Agora mesmo, olho o relógio enquanto aglomero palavras, são 5h28 e quem disse que consigo dormir com a conexão cérebro-dedos pedindo passagem?
Escrever é como entrar em ebulição. A cabeça ferve. Nem todas as bolhinhas d'água se moldam da melhor forma a princípio. Depois, é como se tivéssemos a oportunidade de, uma a uma, olharmos apuradamente e deixarmos só as mais vistosas.
Em vista da praticidade dos celulares, devo dizer que, de uns anos para cá, escrevi de muitos jeitos, na vida de repórter/escritor/produtor de conteúdo.
Já estive juntando letrinhas de pé encostado em um muro qualquer; sentado em alguma escadaria ou banco de praça por aí; no banco traseiro de algum carro, enquanto a vida passava diante de meus olhos; em frente ao computador, ladeado por telefones barulhentos e teclados imparáveis; na cama, no escuro, feito agora. Isso para citar apenas alguns exemplos.

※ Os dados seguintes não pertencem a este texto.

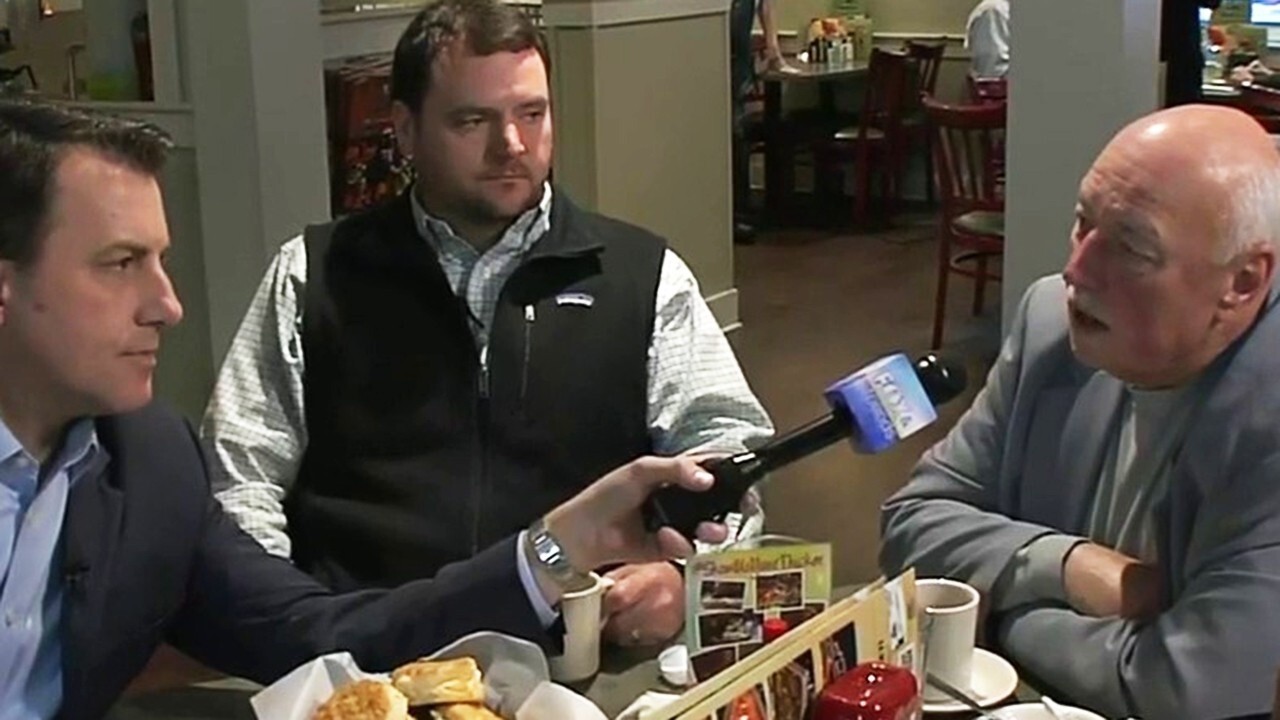 Breakfast with 'Friends': SC voters say Democrat debate was 'total chaos'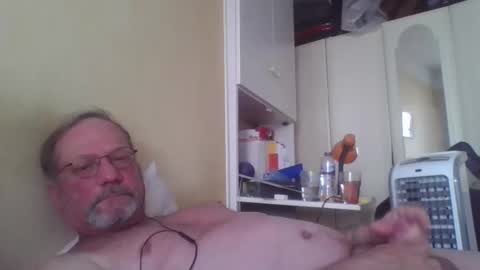 Snapshot of wanky357 chatting on 09/17/25, 12:51 Tibo Love online show from 09/17/25, 12:51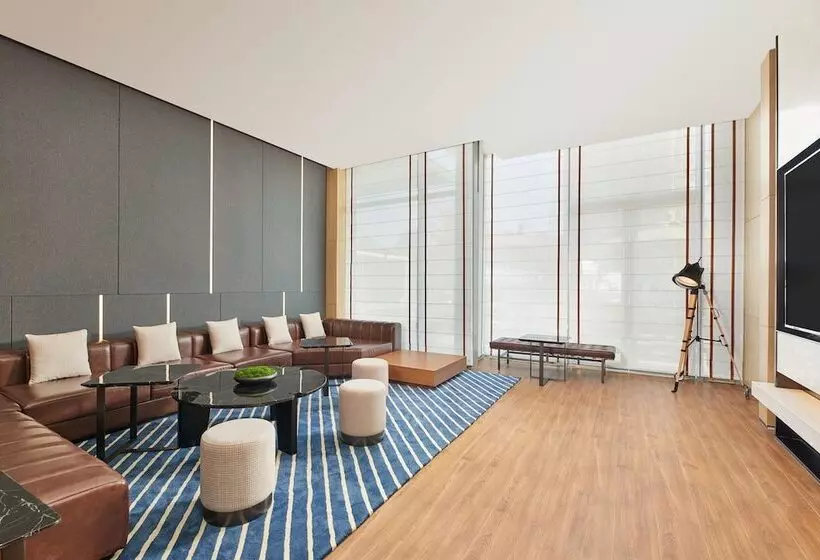 ホテル Four Points By Sheraton Chongqing North Railway Station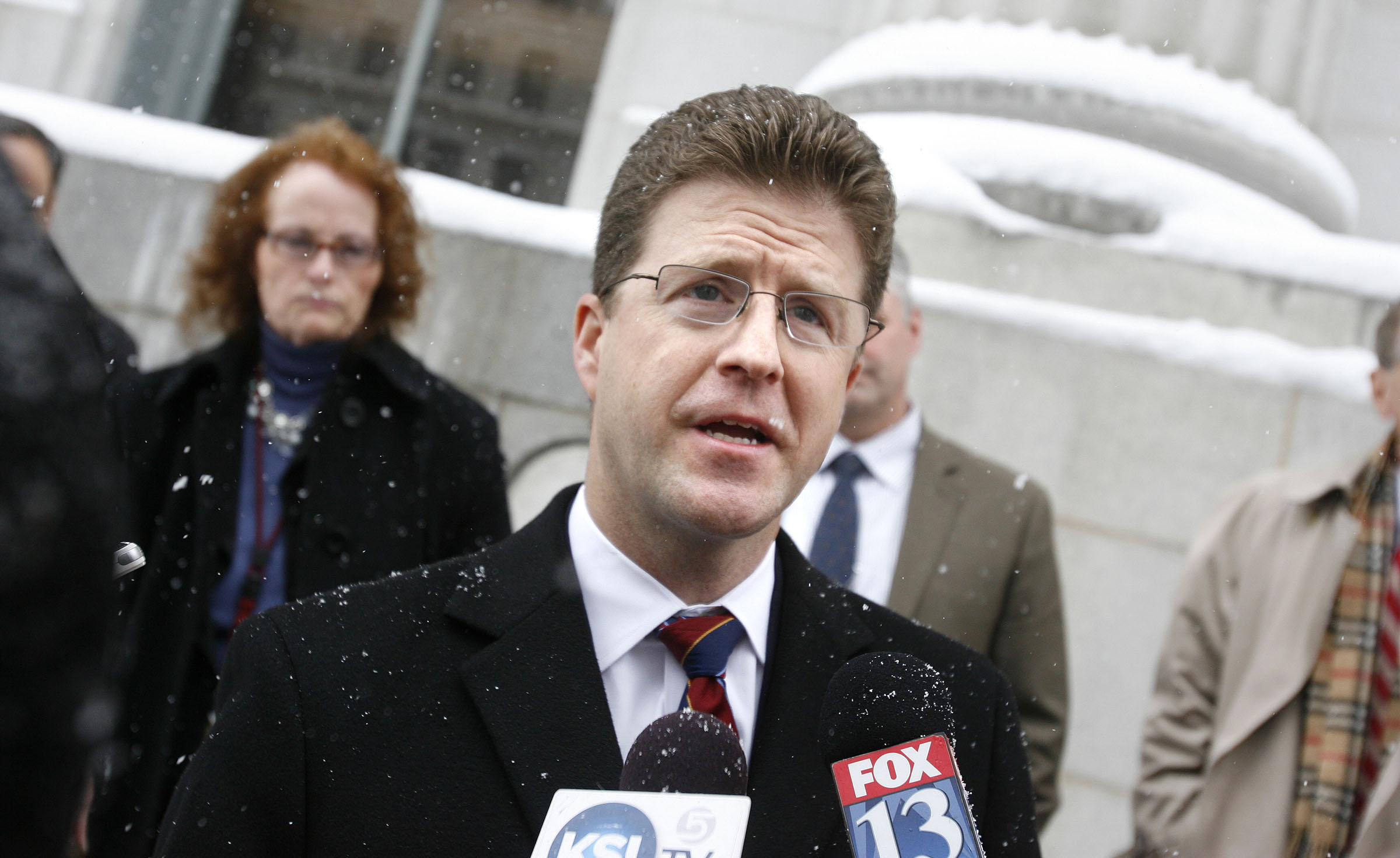 Cárcel a hombre que defraudó a inmigrantes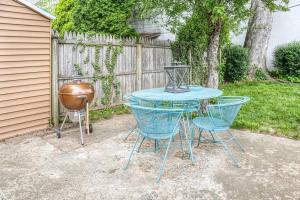 - une table, deux chaises et un grill dans la cour dans l'établissement Larry's Lancaster Landing: with fully-fenced yard, à Lancaster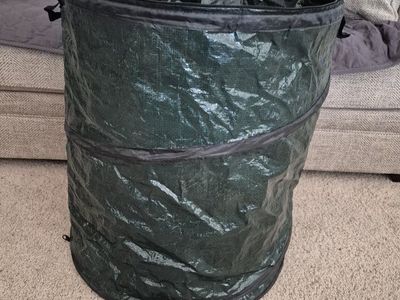 Collapsible garbage can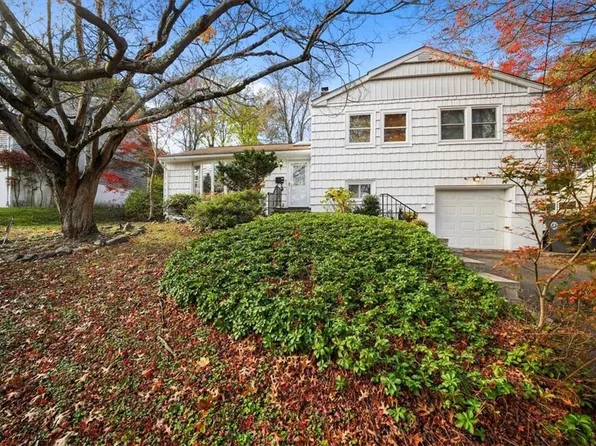 28 Sherbrooke Road, Hartsdale, NY 10530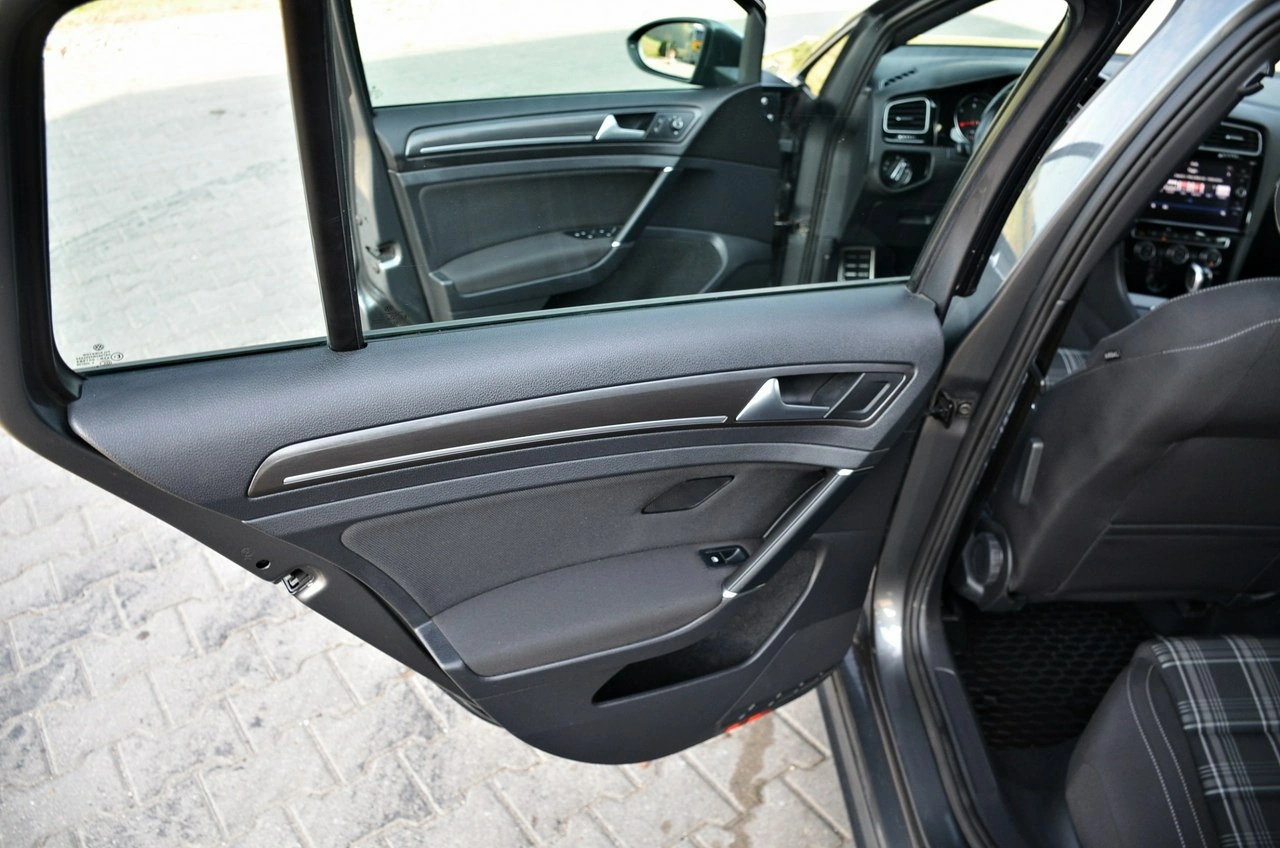 Volkswagen Golf - Zdjęcie 20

Considero escrever uma arte complexa. Haverá quem ame e também quem odeie. É um talento que demora a se aprimorar e que, dificilmente, nós, escribas, vamos nos achar gigantes (olha bem essa prova aqui). Nessa arte, assim como deve ser em tantas outras, digladiamos ferozmente contra os impostores fantásticos que nos atravessam.
Um dos contornos interessantes da escrita é que, antes de ela vir ao mundo (se o autor assim decidir), há um grande mergulho na própria solidão, observação e imaginação. É profundamente necessário saber mergulhar em ao menos um desses quesitos durante nossa construção.

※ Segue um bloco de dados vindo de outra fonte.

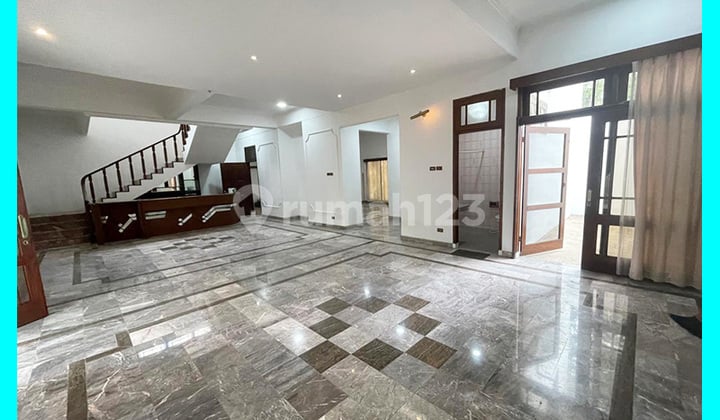 Chandra Disewa rumah ukuran 17.5x25m di komplek kavling polri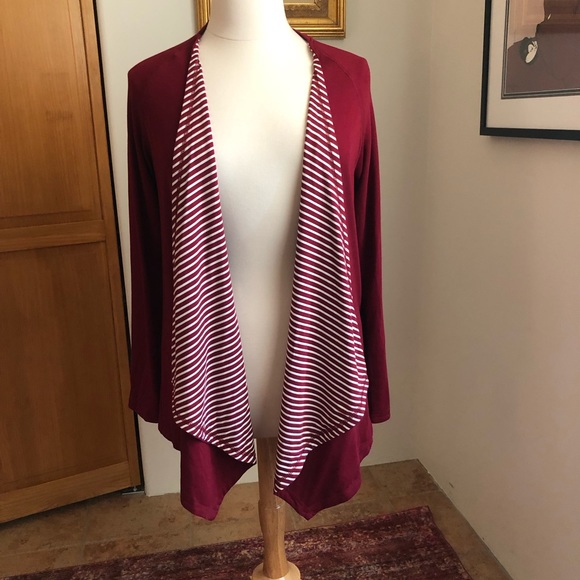 41 Hawthorn Jackets & Blazers - Burgundy knit jacket/coverup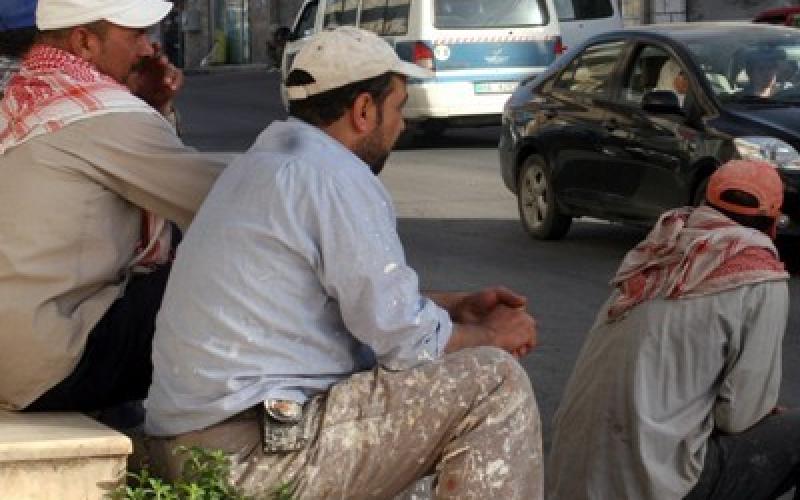 وزير العمل: تعديل رسوم تصاريح العمل لا يمس العمالة المصرية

Agora, por exemplo, tenho a solidão e a imaginação a meu favor, dentro de um quarto escuro cuja única luz é a tela do celular. A observação, por ora, seria apenas a partir da audição do que vem de fora e perpassa as paredes do quarto. Ora, outros sentidos apurados podem significar um “enxergar diferente”.

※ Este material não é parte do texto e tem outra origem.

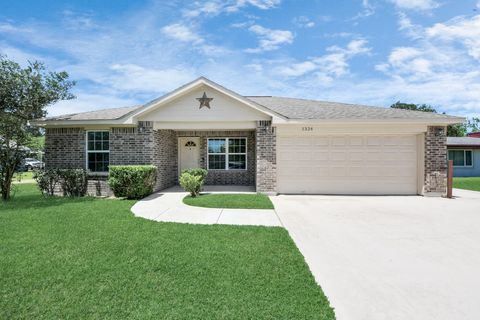 Photo of 1324 S Johnson Street, Alvin, TX 77511 (MLS # 10292970)
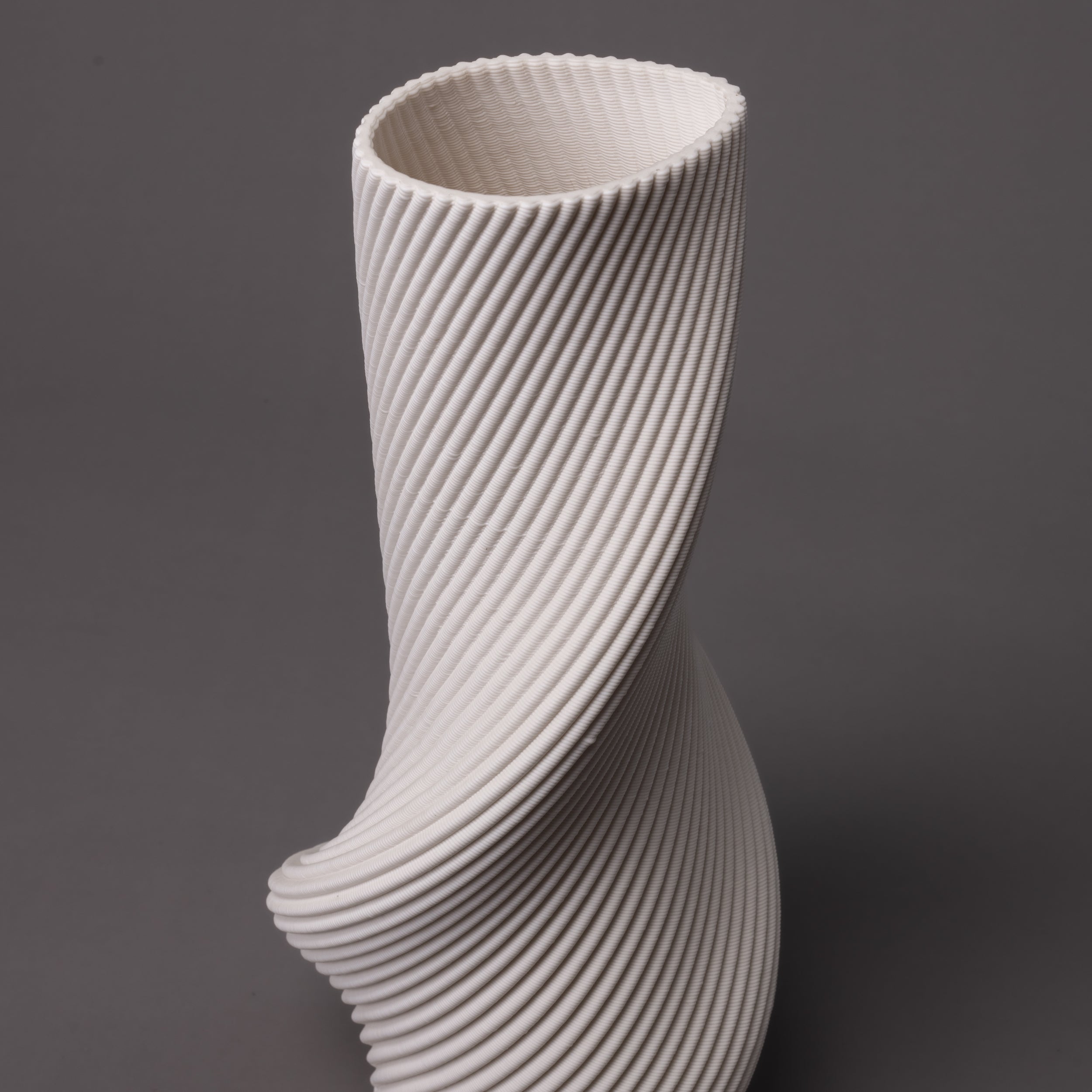 Tornado ceramic art – white porcelain – BinaryCeramics Greece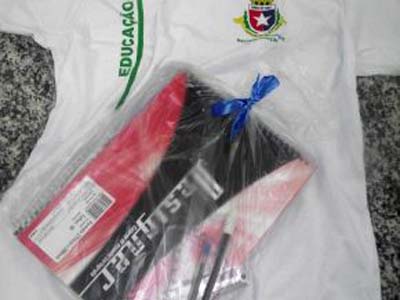 Prefeitura de Olho d´'Água das Flores entrega uniforme, kit de material escolar gratuitos e climatiza salas de aula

O barulho do trem que dá o tom do início das atividades do dia... Os ouvidos que também apuram o primeiro ligar de motor de uma moto, com direito a uma leve buzinar. Seria uma buzinadinha daquelas despedidas do tipo "ei, te amo, mais tarde eu volto"? Gosto de imaginar que sim.
O mundo ganharia mais se imaginássemos mais. Imaginar pode trazer êxtase, sabe?
Lembro que tinha meus 14/15 anos quando passei a gostar mesmo de escrever. E, inicialmente, era por causa disso: por ser um adolescente viajante através das linhas em branco nos cadernos.
Um professor de português chamado Robson costumava fazer "concursos" rápidos de redação na sala, com temas definidos ou até construindo o primeiro parágrafo do texto e pedindo que criássemos uma sequência.
Amava aquilo. Aliás, ainda que me considerando mais introvertido à época, era como um despertar de coragem: ler as minhas histórias à turma e arrancar risadas, suspiros, críticas, o que fosse. Naquele tempo, é evidente que eu nem tinha noção da força das palavras.
Mas um ex-namorado da minha mãe costumava lembrar de um desses textos que criei nas aulas do Robson. Nem consigo lembrar os detalhes. Sei que tinha algo a ver com uma águia forte, perspicaz. Ele sempre dizia frases do tipo: "Eu fiquei impactado com aquilo que você escreveu, era muito bom e forte para uma criança/adolescente".
Tenho visto muito escritor escrever sobre escrita. Evito, até certo ponto, mas hoje estou fugindo à regra sabe se lá por qual razão. Faz parte… Escritores também são um bocado transgressores, avessos às regras.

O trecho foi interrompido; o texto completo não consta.